"あいつら"
中央棟の最上階、ファンタズマ内で最も太陽に近い場所。そこにケイルの部屋はあった。
中央棟のエレベーターから最上階の15階に辿り着くと、ケイルの視界に少女が飛込んでくる。体の割に大きな三角帽子を被り、短い金髪は肩の上で軽く外にはね、つり目気味の青い瞳を持つ小柄な少女。
「仕事さぼってどこ行ってたのかな? 総部隊長様」
「俺にだって肩の力を抜きたい時くらいあるさ」
「そだね。任務レポートまとめたよ」
ズイッと少女は分厚い資料をケイルに手渡す。
「相変わらず仕事が早いな、ヴィクナ」
「ま、走書きだから読める保証はないけどね」
クスッと笑いながら、ヴィクナは渡した資料を捲っていく。
「ホラ、これとかアタシでも読めないもん」
「なら書き直せよ…」
一枚の資料に書かれたミミズ文字を見てこれを解読するのかとケイルは溜め息をつく。
「あ、ねぇ。

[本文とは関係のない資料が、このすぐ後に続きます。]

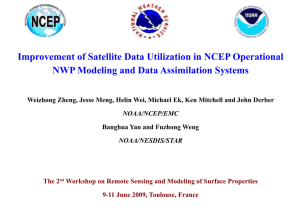 Improvement of Satellite Data Utilization in NCEP Operational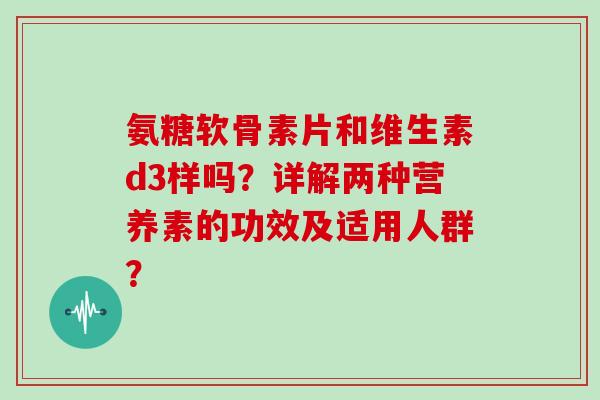 氨糖软骨素片和维生素d3样吗?详解两种营养素的功效及适用人群? 氨糖软骨素片和维生素d3样吗?详解两种营养素的功效及适用人群?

クルイの首の確認は?」
「した。イリーナが今、死んだ同胞と一緒に丁重に葬っている」
「…ありがと…」
ヴィクナは少し目を伏せてケイルにお礼をした。
「当然だ。仲間だからな」
ケイルはヴィクナの肩を軽く叩くと、部屋に入ろうとドアを開ける。
「ねぇケイル」
「ん? どうした?」
ヴィクナの呼び掛けに立ち止まり、後ろを振り返った。
「"あいつら"の動きは?」
ヴィクナはいつになく真剣な表情で尋ねる。
「…今は不気味なほど何も無いな」
ケイルは眉を潜めながら下を向く。
「嵐の前の静けさ…とでも言うのか…」
「あのさ」
「なんだ?」
ヴィクナの呼び掛けにケイルはヴィクナを見るために顔を上げた。
「隊数…増やさない? もしそうだとしたら今のままじゃ厳しくなるかも…」
ヴィクナは珍しく遠慮がちにケイルへ提案をした。
「…そうだな……考えておこう」
ケイルは"あいつら"の事を考えているのか、適当に返事をすると部屋に入ろうとした。
「あ、ヴィクナ」
「ふぇ?」
帰ろうとしたヴィクナをケイルは後ろを振り向きながら引き留める。
「何?」
「さっきシルハ君に会ったぞ」
その瞬間、ヴィクナの顔色が変わり、険しい表情になった。
「…どう思う…?」
「正直、ビックリだな。まぁ4年前にも1度会ったがあの時も驚いた」
ケイルはシルハの顔を思い出しながらヴィクナに返答する。
「だかなヴィクナ…」
「肩入れするなでしょ? 分かってる。この前タピスにも言われた」
ヴィクナは不機嫌そうに顔を歪める。ケイルはその顔をみて、やれやれという表情をつくった。
「分かってればいい。じゃぁさっきの事は検討しておく」
「うん、よろしく」
会話を終えると、ケイルは部屋のドアを閉め、ヴィクナは自分の部屋に帰るためにエレベーターのボタンを押した。